2.1. Filtering-Based Methods for Speckle Denoising

The classic methods to remove speckle noise from images are based on filtering, generally divided into local filtering and non-local filtering. Local filtering methods, such as median and mean filtering, are based on adjusting the filtering window according to local image statistics to deal with signal nonstationarity. They only achieve good noise removal performance in a uniform area but lead to blurred boundaries when applied to a non-uniform area. To address this issue, non-local filtering methods were proposed to better preserve the edge information of images. Danielyan et al. [4] proposed the Block Matching 3D (BM3D) algorithm, where the denoising and deblurring operations are decoupled based on the Nash equilibrium balance of their objective functions. BM3D was known to achieve good speckle denoising performance on sonar images. Han et al. [18] proposed an improved BM3D sonar image denoising algorithm, which adjusts parameters based on the noise characteristics of sonar images and incorporates Gaussian filtering and grayscale correction before the basic estimation to eliminate speckle noise. Fan et al. [5] considered converting multiplicative speckle noise into additive Gaussian noise and performing speckle denoising on sonar images through adaptive BM3D. Chen et al. [8] proposed a speckle noise reduction method for side-scan sonar images based on adaptive BM3D. Wang et al. [7] proposed an adaptive non-local spatial information denoising method with improved performance on underwater sonar images. Furthermore, Wang et al. [9] proposed a shearlet transform-based noise reduction method for sonar images. Jin et al. [6] used a saliency detection method based on manifold sorting for sonar image processing, automatically segmenting a sonar image into salient and non-salient areas. Li et al. [19] proposed a denoising method for sub-bottom profile sonar images that combines guiding weights with a non-local low-rank filtering framework. Chaillan et al. [20] proposed an adaptive approach that combines a multi-resolution transformation and a filtering method to reduce speckle noise in synthetic aperture sonar (SAS) images [21,22].
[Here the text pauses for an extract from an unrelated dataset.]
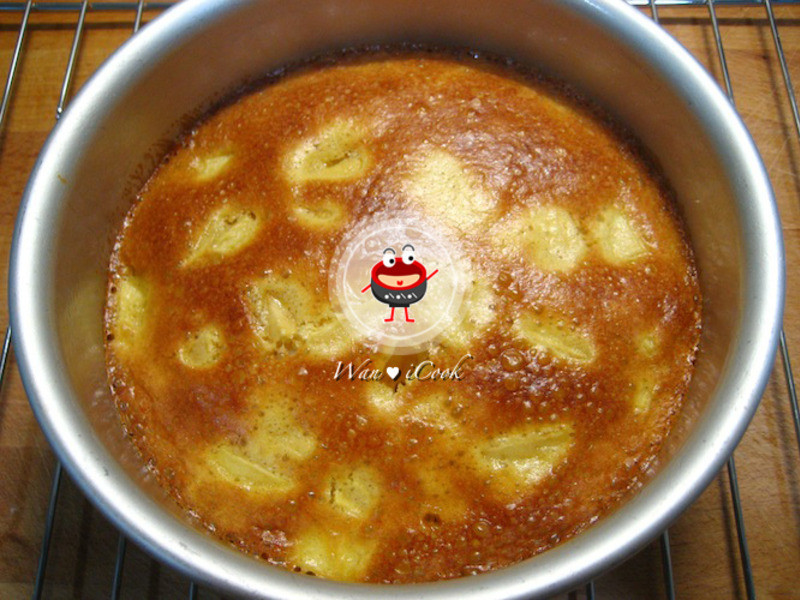 ?��κ���á�ʳ���� ? ����ƻ�����������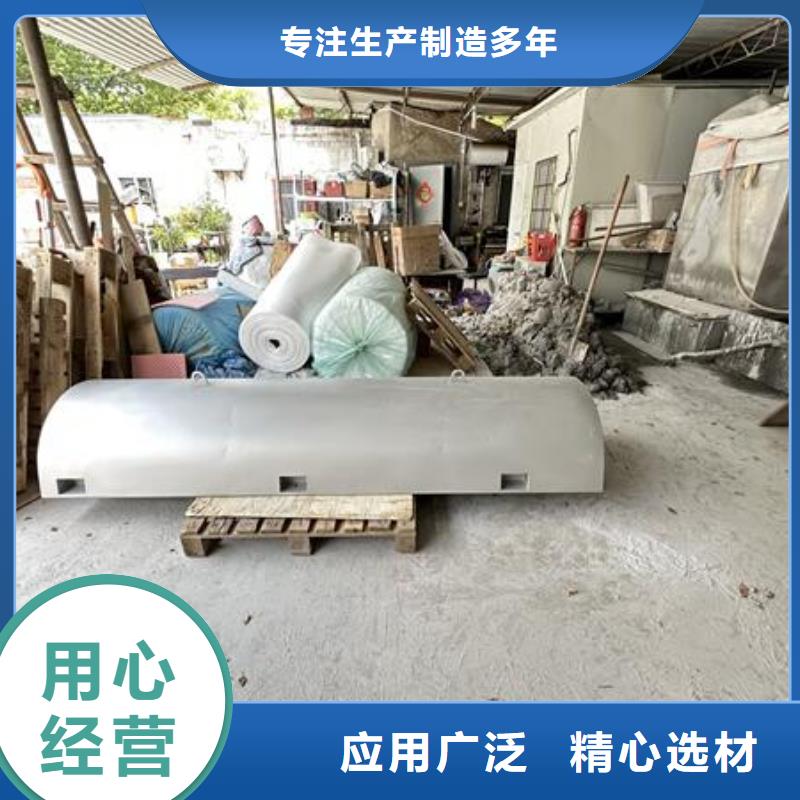 上海喷砂加工厂不只是质量好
Although the above filtering-based speckle denoising methods can achieve good denoising performance in some cases, they require accurate noise estimation to obtain prior statistical knowledge of speckle noise from sonar images for effective denoising. However, accurately estimating speckle noise is very difficult on real images. In addition, they are prone to damaging the details and textures of sonar images, which reduces their quality. The above shortcomings limit their usage in practical scenarios.

2.2. Deep Learning Methods for Speckle Denoising

Convolutional neural networks (CNNs), which have achieved great success in different image-processing tasks, have also been applied to image denoising due to their powerful spatial feature extraction and representation capabilities. Chierchia et al. [10] proposed a CNN-based image despeckling method called SAR-CNN, which generates clean images through multi-temporal fusion and uses residual learning and discriminative model learning for denoising. An auto-encoder model that could reduce speckle noise from sonar images while maintaining their resolutions was proposed in [11]. They then used a loss function based on structural similarity measures to reduce speckle noise while preserving important geometric properties of sonar images. Liu et al. [23] introduced a hybrid denoising approach that employs CNN and consistent cycle spinning (CCS) in the nonsubsampled shearlet transform (NSST) domain for synthetic aperture radar (SAR) images. Huang et al. [13] proposed the Neighbor2Neighbor method for image denoising. Neighbor2Neighbor used a random neighborhood subsampler to generate training image pairs, trained a denoising network on the generated subsampled training pairs, and introduced a regularization term into the loss function to obtain better performance. By avoiding heavy dependence on the noise distribution assumptions, it has good denoising performance on images in various domains, including sonar images. Vishwakarma [17] incorporated sparse representation techniques into CNNs to improve the denoising and inpainting of sonar images. Chen et al. [14] proposed an ANLResNet model for sonar image despeckling by combining SRResNet with non-local blocks of asymmetrical pyramids for speckle noise in sonar images. Zhou et al. [15] proposed a self-supervised denoising method for sonar images without high-quality reference images since obtaining such references during the sonar image denoising process was often difficult. Perera et al. [24] proposed a transformer-based model for sonar image despeckling.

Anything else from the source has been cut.